* Dataset extract *
[Start of Attachment]
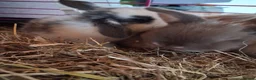 Mini Lop rabbits for sale: Baby mini lops 3 weeks old - Advert 7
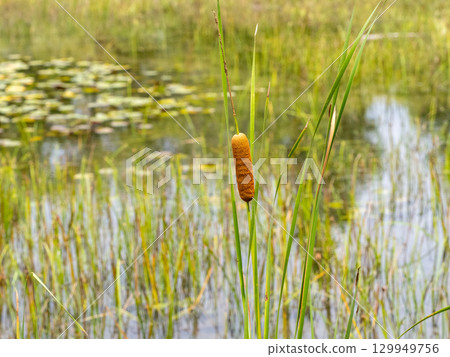 池塘裡生長的香蒲 池塘裡生長的香蒲 129949756
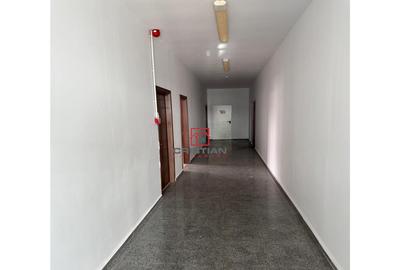 Spațiu comercial, de 760 mp, în Ștefăneștii de Jos - 5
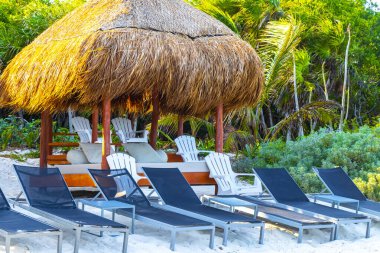 Palapa sazdan çatılar palmiye ağaçları şemsiyeler ve Playa del Carmen Meksika 'daki tropikal Meksika plajındaki sahil otelindeki güneş pansiyonları..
[End of Attachment]
* What you will do *
The answer should hold every line of the listing, copied exactly, with no pictures.

* Your response *
 Mini Lop rabbits for sale: Baby mini lops 3 weeks old - Advert 7
 池塘裡生長的香蒲 池塘裡生長的香蒲 129949756
 Spațiu comercial, de 760 mp, în Ștefăneștii de Jos - 5
 Palapa sazdan çatılar palmiye ağaçları şemsiyeler ve Playa del Carmen Meksika 'daki tropikal Meksika plajındaki sahil otelindeki güneş pansiyonları..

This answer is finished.